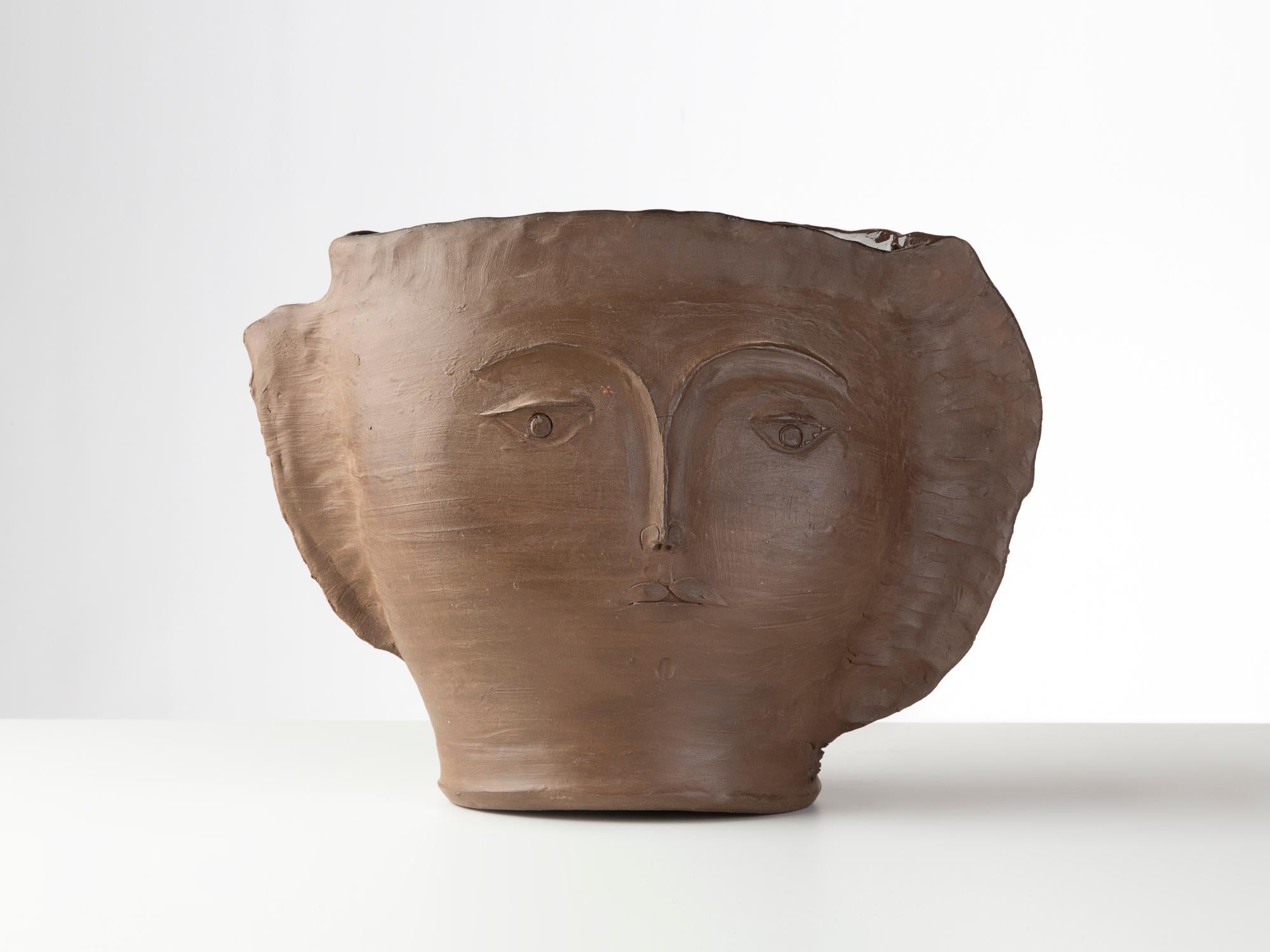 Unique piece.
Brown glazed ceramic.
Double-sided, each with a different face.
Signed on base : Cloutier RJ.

[Problem to solve]
The response should consist only of the lines from the one containing "Double-sided, each with a different face." to the end of the material above, both included.

[Written answer]
Double-sided, each with a different face.
Signed on base : Cloutier RJ.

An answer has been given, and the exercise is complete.